The white nose coati is a medium-sized mammal that belongs to the raccoon family. There are 4 known species of coati native to North, Central, and South America. Depending on the species, coati can typically be found in tropical rainforests, dense forests, mountains, grasslands, and even deserts.
First the Stats…
Scientific name: Nasua narica
Weight: 8.8 – 13.2 pounds
Length: 3 feet 6 inches, including tail
Lifespan: Up to 7 years (in the wild) | Up to 16 years (in captivity)
Now on to the Facts!
1.) Coatis are diurnal (they are active during the day), arboreal (climb trees), and terrestrial (spend time on the ground).
2.) The name ‘coati’ comes from native American Indian words meaning ‘belt’ and ‘nose’, referring to the way the coati will tuck their nose into their belly while they sleep.
3.) The males are solitary while the females live in groups of up to 30 individuals!
4.) Coatis are good seed dispersers.

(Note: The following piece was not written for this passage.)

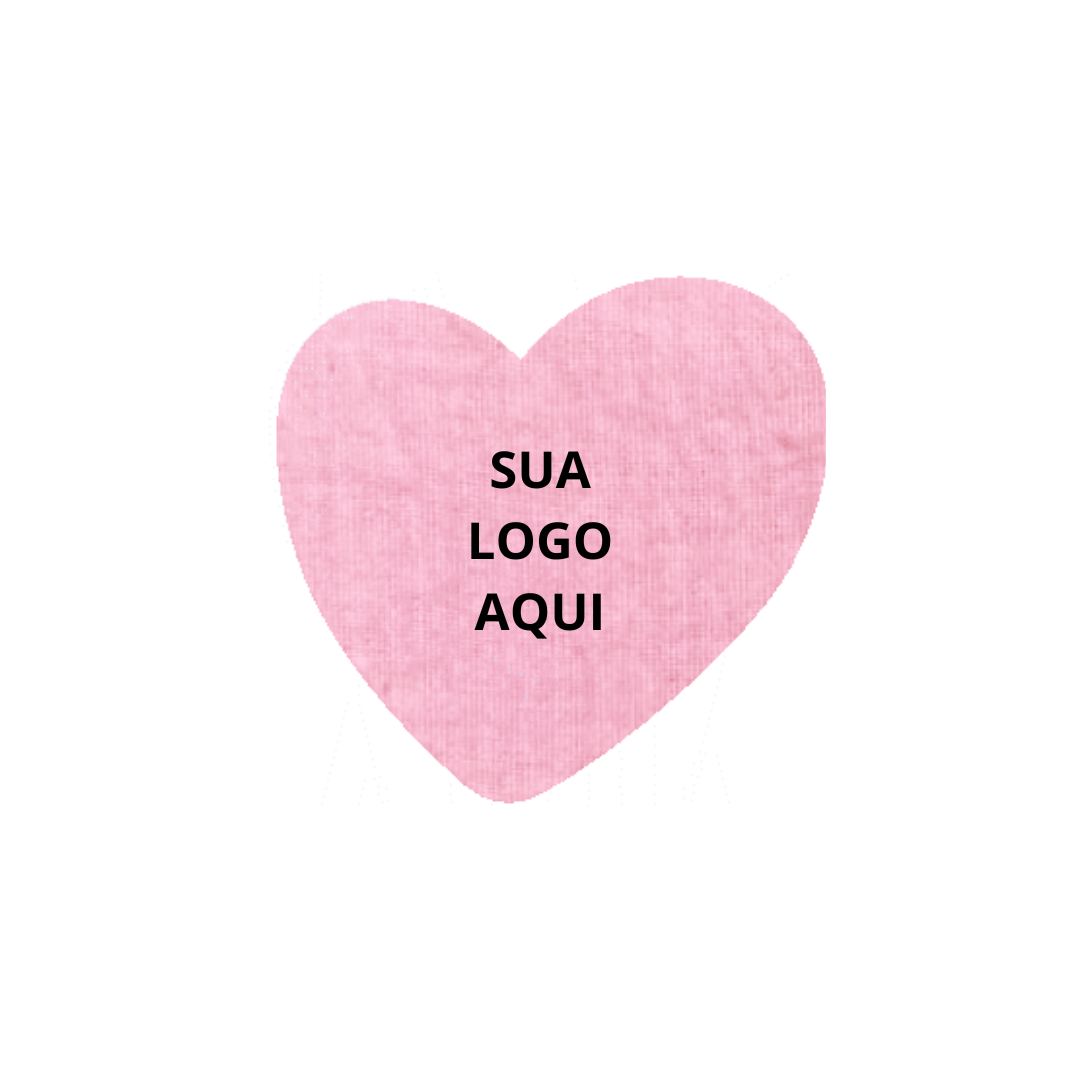 250 unidades Personalizadas | Coração 10x9,5 cm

When they eat fruits and seeded plants, they dispense their waste which consists of seed pods, which later grow into plants.
5.) Coatis are so good at climbing trees that they will even mate and build nests in the trees.

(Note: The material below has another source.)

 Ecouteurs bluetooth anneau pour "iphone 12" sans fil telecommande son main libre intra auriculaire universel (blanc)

But wait, there’s more on the coati!
6.) The coati are omnivorous (they eat both plant and animal matter). Their diet consists of insects, scorpions, spiders, centipedes, crabs, and millipedes.
7.) October and February is mating season, with births occurring in March & April.
Did you know…?
Many of the coatis have been observed having short fights over food.
8.) During foraging, the young cubs are left with a pair of babysitters, similar to the way meerkats do.
9.) The coati has bear-like paws with non-retractable claws!
10.) Coati has a sensitive, pig-like snout that can be rotated up to 60 degrees in all directions. They use this snout to look for food in the leaves and debris.